Every element has one or more isotopes that have unstable nuclei that are subject to radioactive decay, causing the nucleus to emit particles or electromagnetic radiation. Radioactivity can occur when the radius of a nucleus is large compared with the radius of the strong force, which only acts over distances on the order of 1 fm.
- Alpha decay is caused when the nucleus emits an alpha particle, which is a helium nucleus consisting of two protons and two neutrons. The result of the emission is a new element with a lower atomic number.
- Beta decay is regulated by the weak force, and results from a transformation of a neutron into a proton, or a proton into a neutron. The first is accompanied by the emission of an electron and an antineutrino, while the second causes the emission of a positron and a neutrino. The electron or positron emissions are called beta particles. Beta decay either increases or decreases the atomic number of the nucleus by one.
- Gamma decay results from a change in the energy level of the nucleus to a lower state, resulting in the emission of electromagnetic radiation. This can occur following the emission of an alpha or a beta particle from radioactive decay.
Each radioactive isotope has a characteristic decay time period—the half-life—that is determined by the amount of time needed for half of a sample to decay. This is an exponential decay process that steadily decreases the proportion of the remaining isotope by 50% every half life. Hence after two half-lives have passed only 25% of the isotope will be present, and so forth.
Elementary particles possess an intrinsic quantum mechanical property known as spin. This is analogous to the angular momentum of an object that is spinning around its center of mass, although strictly speaking these particles are believed to be point-like and cannot be said to be rotating. Spin is measured in units of the reduced Planck constant (), with electrons, protons and neutrons all having spin ½ , or "spin-½". In an atom, electrons in motion around the nucleus possess orbital angular momentum in addition to their spin, while the nucleus itself possesses angular momentum due to its nuclear spin.
The magnetic field produced by an atom—its magnetic moment—is determined by these various forms of angular momentum, just as a rotating charged object classically produces a magnetic field. However, the most dominant contribution comes from spin. Due to the nature of electrons to obey the Pauli exclusion principle, in which no two electrons may be found in the same quantum state, bound electrons pair up with each other, with one member of each pair in a spin up state and the other in the opposite, spin down state. Thus these spins cancel each other out, reducing the total magnetic dipole moment to zero in some atoms with even number of electrons.

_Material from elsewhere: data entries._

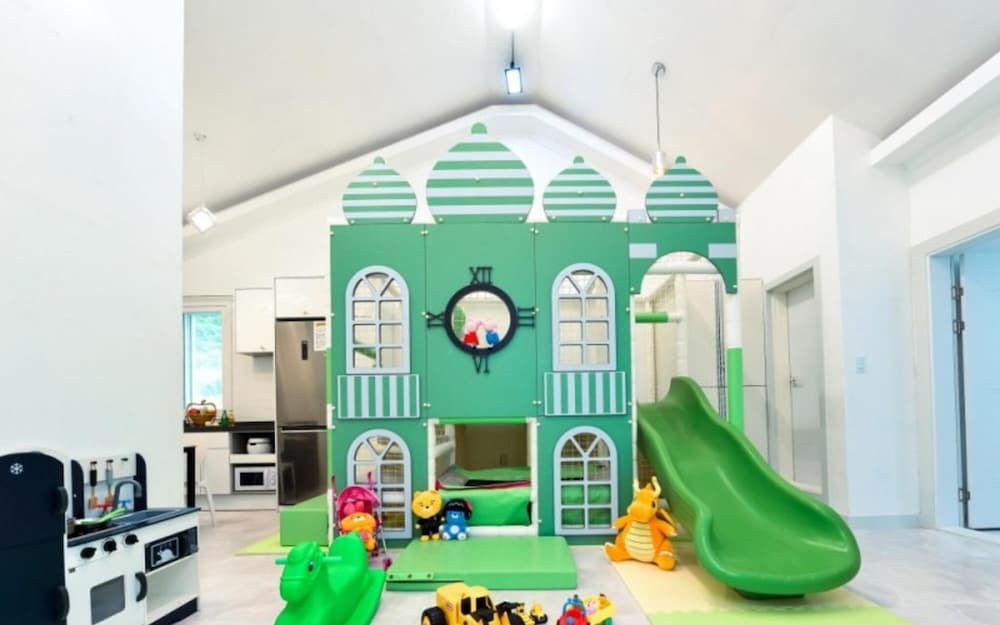 Gapyeong Shinbi Kids Pool Villa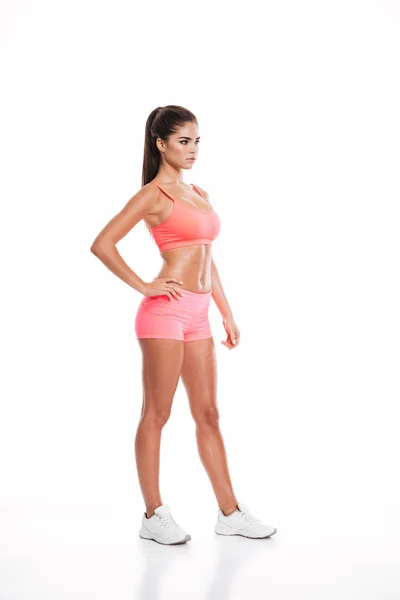 Jonge sexy fitness vrouw in roze sportkleding — Stockfoto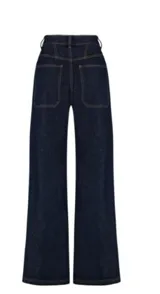 Jean de mezclilla azul oscuro, tiro alto, corte ancho y pierna acampanada. Presenta un diseño de talle alto con costuras frontales que simulan un cruce o doblez.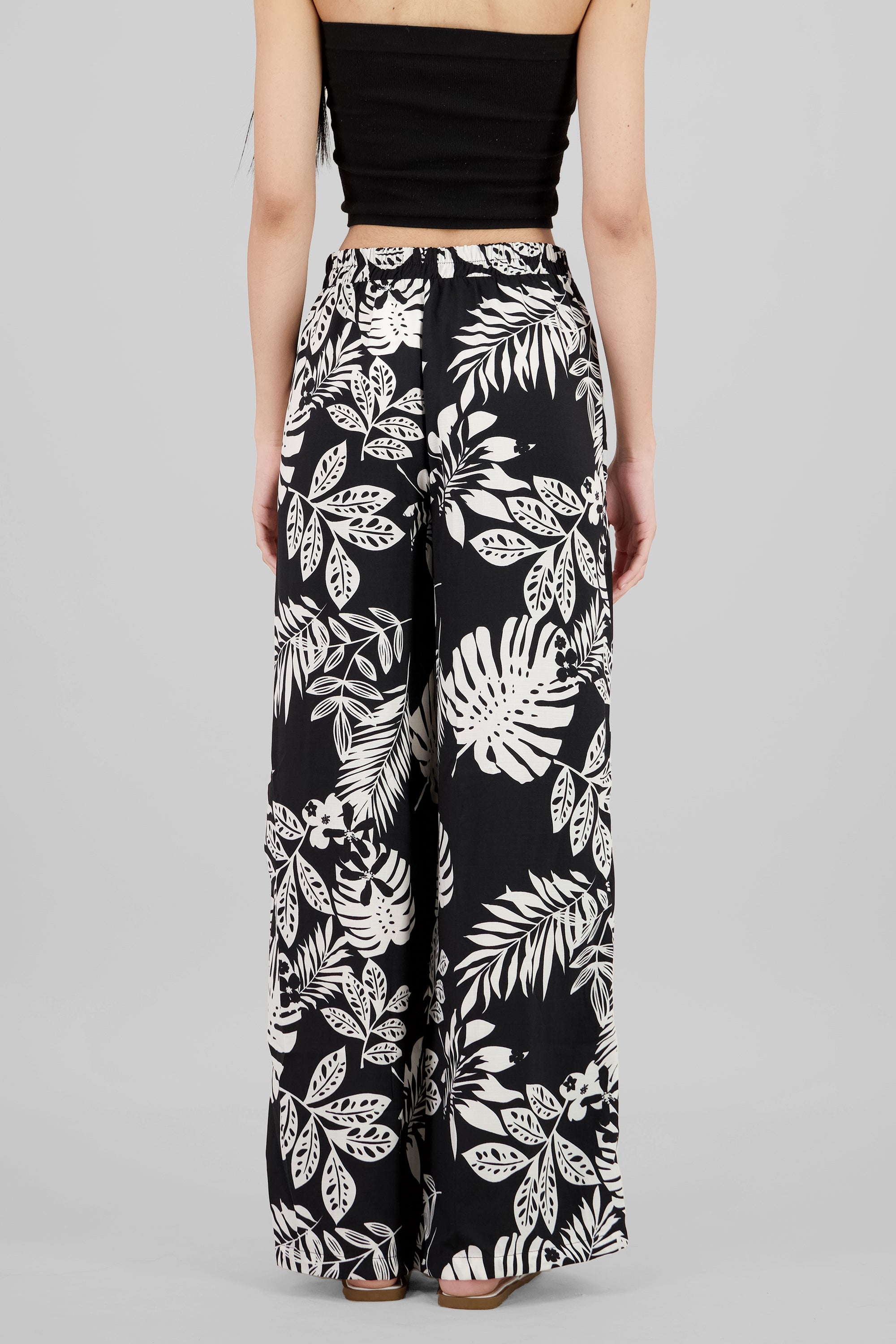 PANTALONES DETALLE TROPICAL NEGRO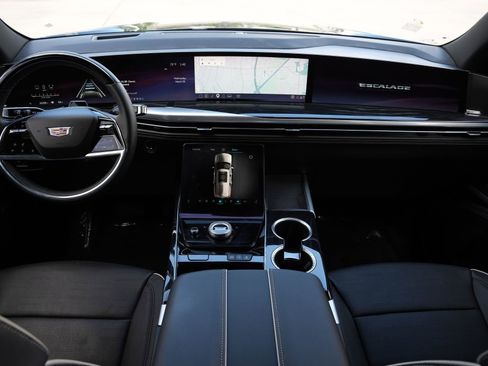 Certified 2025 Cadillac Escalade Sport w/ Touring Package image 7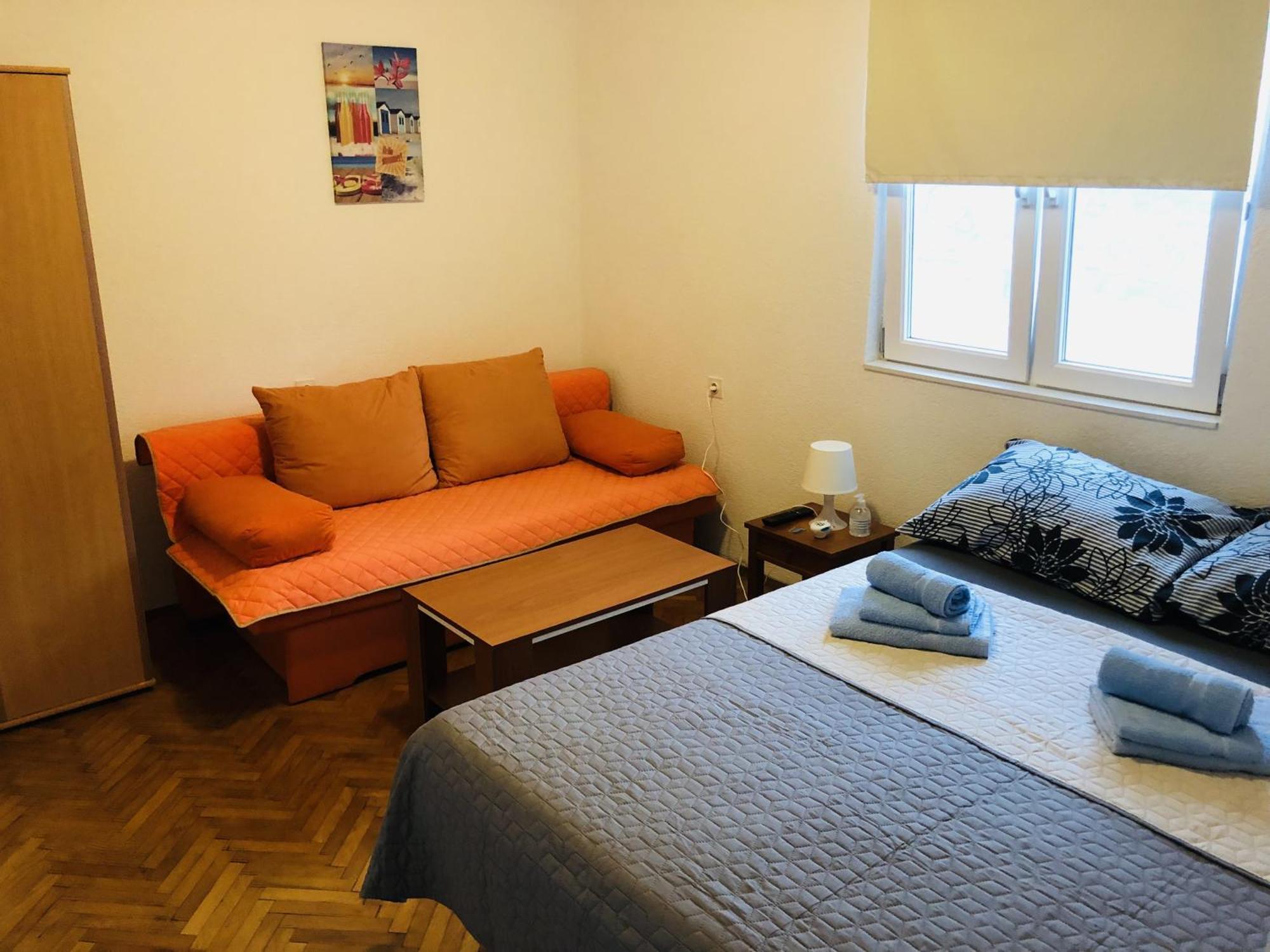 Apartmani Ema Трогир Екстериор снимка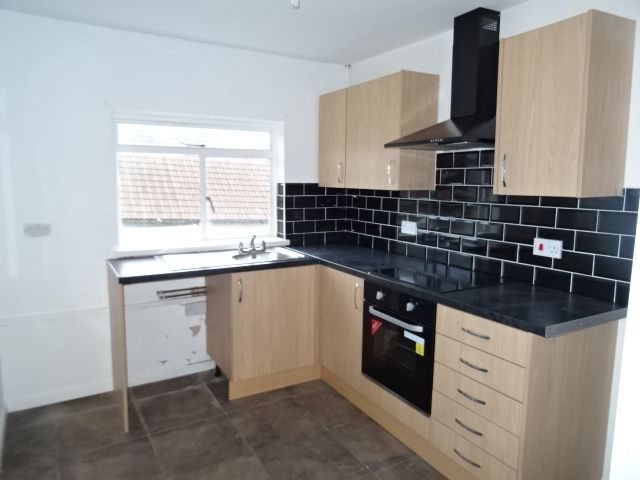 3 bed terraced house to rent in Phillip Street, Graig, Pontypridd CF37, £750 pcm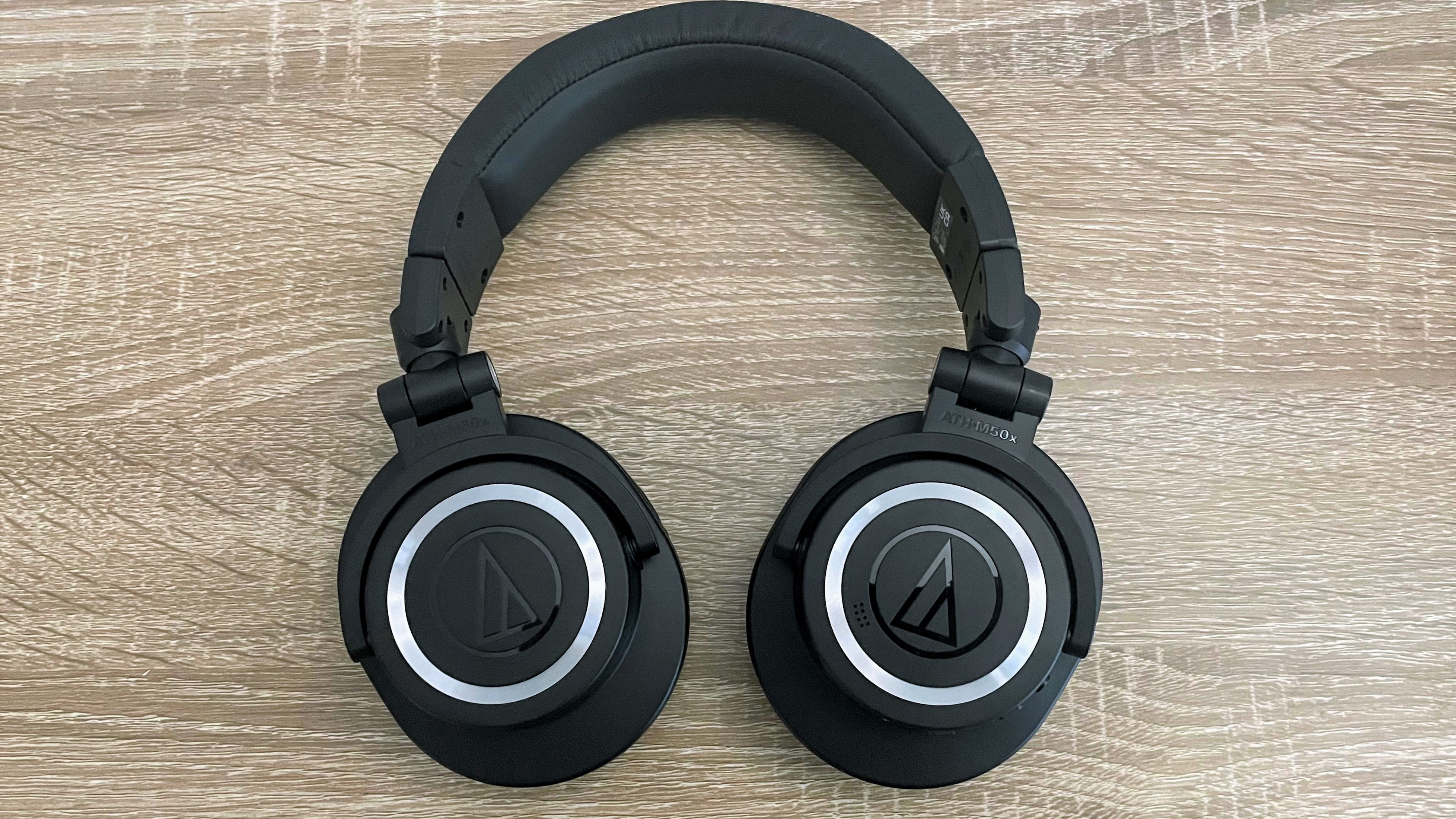 Обзор Audio Technica M50xBT2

In ferromagnetic elements such as iron, an odd number of electrons leads to an unpaired electron and a net overall magnetic moment. The orbitals of neighboring atoms overlap and a lower energy state is achieved when the spins of unpaired electrons are aligned with each other, a process is known as an exchange interaction. When the magnetic moments of ferromagnetic atoms are lined up, the material can produce a measurable macroscopic field. Paramagnetic materials have atoms with magnetic moments that line up in random directions when no magnetic field is present, but the magnetic moments of the individual atoms line up in the presence of a field.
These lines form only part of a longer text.